■ **ACTIVITY**: Before returning the data, strip out the pictures and keep everything else exactly the same.
= Beginning of Section =
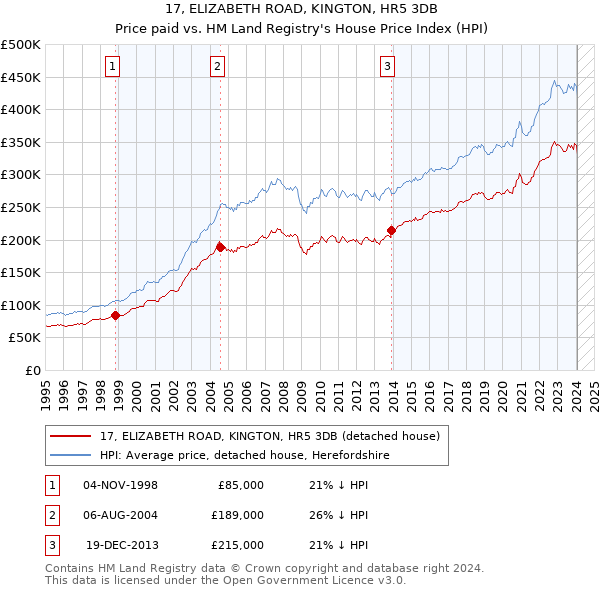17, ELIZABETH ROAD, KINGTON, HR5 3DB: Price paid vs HM Land Registry's House Price Index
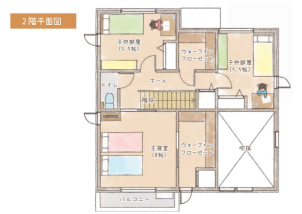 キッチンや収納、間取り、家事動線などもしっかりとご確認頂けます！
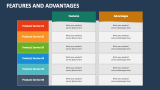 Features and Advantages - Slide 1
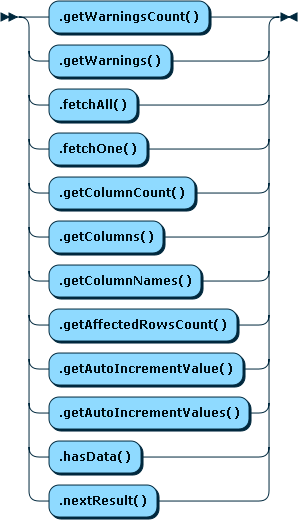 Content shows the syntax in EBNF form as described in the preceding text.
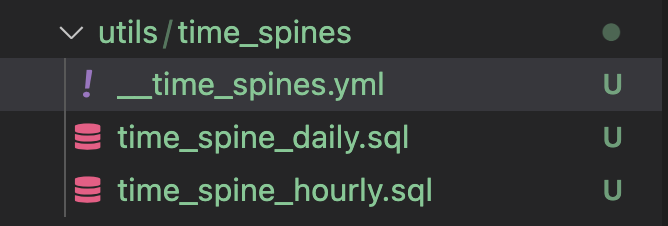 Time spine directory structure Time spine directory structure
= End of Section =
■ **RESPONSE FOR THIS EXERCISE**:
17, ELIZABETH ROAD, KINGTON, HR5 3DB: Price paid vs HM Land Registry's House Price Index
 キッチンや収納、間取り、家事動線などもしっかりとご確認頂けます！
 Features and Advantages - Slide 1
 Content shows the syntax in EBNF form as described in the preceding text.
 Time spine directory structure Time spine directory structure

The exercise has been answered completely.